Önerilen Teklif’in kamuoyunda en çok Derneklerin yönetimlerinin “geçici” olarak görevden alınması ve kayyum atanmasının önünü açan maddeleri tartışma yarattı. Teklif İçişleri Bakanı’na derneğin kurullarını veya çalışanlarını geçici olarak görevden uzaklaştırma ve aynı zamanda yeterli olmaması halinde derneğin faaliyetlerini durdurma, kayyum atama gibi yetkiler tanıyor.

Kanun teklifinin gerekçesi, düzenlediği kapsam ile uyumsuz

Teklife yazılan genel gerekçeye göre, G-7 ülkeleri tarafından kurulmuş, kara para aklama ve terörizmin finansmanı konusunda çalışan bir hükümetler-arası forum olan FATF’nin (Mali Eylem Görev Gücü-Financial Action Task Force), Türkiye ile ilgili birtakım tavsiyelerin yerine getirilmesi amaçlanıyor.

Ancak toplam 43 maddeden oluşan teklifin sadece ilk 6 maddesi  kara para aklama ve terörizmin finansmanı ile ilgili Birleşmiş Milletler Güvenlik Konseyi kararlarını yerine getirmek için belirlenmiş hükümleri içeriyor. Teklif’in kalan maddeleri Dernekler Kanunu ile Yardım Toplam Kanunu başta olmak üzere bir dizi başka kanunda değişiklikler öngörüyor. Bu nedenle aslında karşımızda olan adı konmamış bir torba kanun ve diğer bütün torba kanunlarda olduğu gibi yasa yapım tekniği açısından son derece önemli problemler içeriyor.
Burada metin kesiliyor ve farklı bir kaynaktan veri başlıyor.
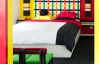 Калейдоскоп красок и лакированная кожа - игривая квартира -дуплекс в Нью-Йорке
Ancak bu teknik problemler bir yana, ikinci bölümün en sarsıcı özelliği kapsamının genel gerekçeden tümüyle ayrılması. İkinci bölümde Dernekler Kanunu ile Yardım Toplam Kanunu gibi çok önemli kanunlarda yapılmak istenen dramatik değişiklikler Teklif’in genel gerekçesi olan uluslararası para aklama ve terörizmin finansmanı ile ilgili konularla sınırlanmamış, aksine sınırları belirsiz bir biçimde genel düzenlemeler getirilmeye çalışılmış.

Teklif ne getiriyor?

Değişikliklerin can alıcı taraflarından birinin Dernekler ve Dernekler Kanununa tabi olan kuruluşların denetimleri ile ilgili olduğunu söylememiz mümkün. Derneklerin denetimlerinin periyodik yapılması, yapılacak risk değerlendirmelerine göre denetimlerin her yıl ve herhangi bir kamu personeli eliyle yapılabileceği, dışarıdan denetim raporlarını oluşturacak bilirkişi atanabileceği, denetimlerle ilgili bilgi ve belgelerin her türlü kurumdan istenebileceği yapılan düzenlemeler arasında. Derneklerin görevlendirilen herhangi bir kamu görevlisi eliyle denetlenmesi, denetleme sırasında dışarıdan bilirkişi atanması gibi düzenlemeler ise inceleme sırasında uzmanlık gerektiren konularda, uzmanlık gerektirmediğini belirten düzenlemeleri beraberinde getiriyor.

Denetimlerin zaten halihazırda bir yaptırım gibi bazı seçilmiş dernek ya da vakıfları yıldırmak amacıyla uygulandığı göz önüne alındığında, öznelliğe, dolayısıyla politik ayrımcılığa son derece açık risk değerlendirmelerinin kara listeler oluşmasına neden olabileceği endişesini taşımak için çok neden var.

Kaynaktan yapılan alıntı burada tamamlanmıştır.